Le Cours Saleya est la première image de l’art de vivre à Nice. C’est ici qu’on mesure la cote d’amour de la ville, au plus haut depuis son inscription au Patrimoine Mondial de l’Unesco. Le marché, le soleil, la socca, le sud… et puis les terrasses. La dernière s’appelle Carmela et vient d’ouvrir face au Palais Caïs de Pierlas où Matisse peignit ses odalisques et la lumière de Nice (1921-1938).
Créée par Philippe Cannatella et Loïs Guenzati, elle a bien choisi son emplacement et ses parrains. Le premier incarne une saga familiale de référence, du Boccaccio fondateur (1973) à La Voglia, La Favola et Le Galet, qu’il a réunis sous la bannière Gusto Family (1). Le second a appris la bistronomie aux côtés d’Armand Crespo, le précurseur, d’abord au Comptoir du Marché puis à Peixes, qu’il détient seul désormais. On est au moins rassuré sur la conduite et l’esprit d’entreprise.
Emplacement, atmosphère, mobilier, nappage, art de l’assiette, vista du service… – Carmela cultive sa différence. Pour une adresse qui s’attaque au cap des deux cents couverts-jour elle passe sans effort son examen d’entrée à Saleya.
Les pizze n’ont pas encore le mordant napolitain (juste la moyenne pour la Pistacchio avec crème de pistache et mortadelle), le vitello tonnato plaide pour le Piémont sans convaincre, les mafalde à la truffe d’été me semblent surcotées à 21 € mais il y a beaucoup de bons moments à partager.

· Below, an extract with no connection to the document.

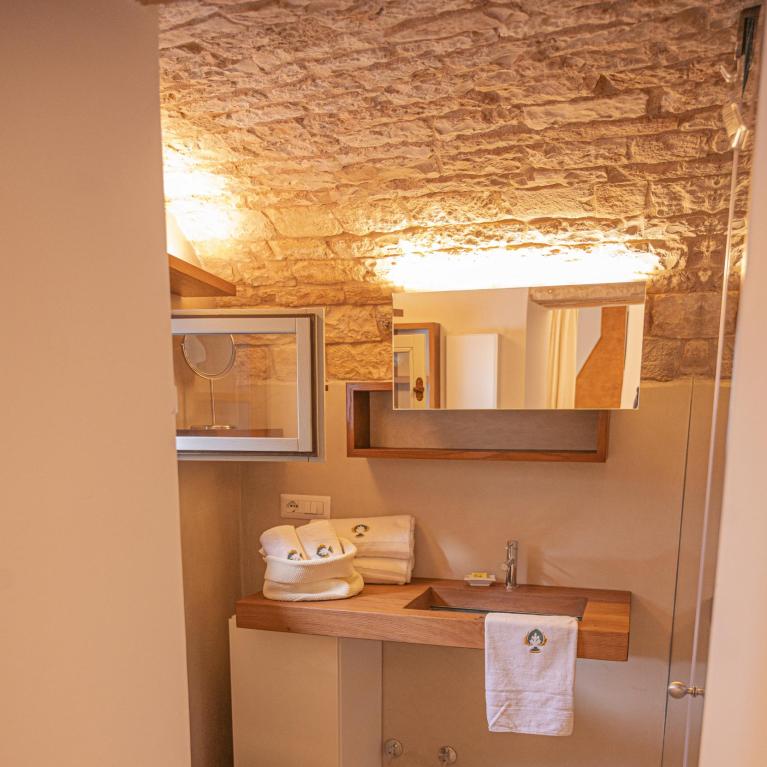 Salle de bain chaleureuse avec plafond en pierre et mobilier moderne.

Ainsi la Coeur de Boeuf marinée à la verveine, stracciatella et confit d’agrumes, le tartare de nectarine et burrata, le croquant net du poulpe à la plancha, caviar d’aubergine et baby poireau, l’épaule d’agneau de 12 h, pommes grenailles au four, à la cuisson parfaite, un éclair XXL qui soutient la comparaison avec celui, culte, de Rech (Paris XVIIe) ou la glace au yaourt vitaminée aux toppings pour la fraîcheur finale.
Cette approche gastronomique qui la distingue d’une trattoria urbaine comme l’est La Voglia, est menée par Michael Abihssira, 24 ans, formé à l’Institut Paul Bocuse. Il a la fibre Alléno avec qui il a travaillé dans ses bastions étoilés (Pavillon Ledoyen, l’Abysse, Le Pavyllon) et a commencé sa période niçoise à La Petite Maison. Savoir-faire, technicité, punch nouvelle génération et impatience de son âge, il clarifie le répertoire à l’italienne de cette nouvelle maison Cannatella.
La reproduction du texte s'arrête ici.